Drop lordship—and lordship will be yours! Drop the ego—and the soul will be yours! Lose yourself, let yourself be effaced, become empty—and you become a vessel for the Whole. The Whole will descend. It can descend only into your emptiness. Space is needed, isn’t it? And to make room for a Guest like the Whole, less than emptiness will not do. Total emptiness is needed; only then can the Whole come to rest in you. The Whole fits perfectly into emptiness.

The Whole has no boundary; emptiness has no boundary. If you invite the infinite, you must become infinite. You have called a Guest—then become a worthy host! Make the seat vacant. Empty the throne!

Therefore I say: Peace. Drop the anxiety for power. Those who seek power never find it; they find only restlessness. Those who seek peace come upon power.

Then do not be afraid.
Why such hesitation in returning to Him what is His? Why such miserliness in offering His own at His feet?

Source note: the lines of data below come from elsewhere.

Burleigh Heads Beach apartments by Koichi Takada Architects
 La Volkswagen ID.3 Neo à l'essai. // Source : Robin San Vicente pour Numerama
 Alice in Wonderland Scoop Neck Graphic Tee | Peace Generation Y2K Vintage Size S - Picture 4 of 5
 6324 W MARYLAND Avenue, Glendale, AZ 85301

I gave my life—it was given by Him to begin with;
truth be told, the due was never even paid.

It was His gift; we merely returned it to Him. What duty was fulfilled? What did we give? We only gave back what was His.

But we are great misers! We cheat the very One from whom we received. We hide even from the Maker. We steal from the Giver.

What is truly yours? Your breath—His. The water flowing in your body—His. The particles of earth in your body—His. The space contained in your body—His. The stream of life—the fire—His. And consciousness—His very fragment! As the sky held in your courtyard is a small portion of the vast sky outside, so the consciousness in you is a little corner, a small courtyard of the Vast Consciousness. All is His.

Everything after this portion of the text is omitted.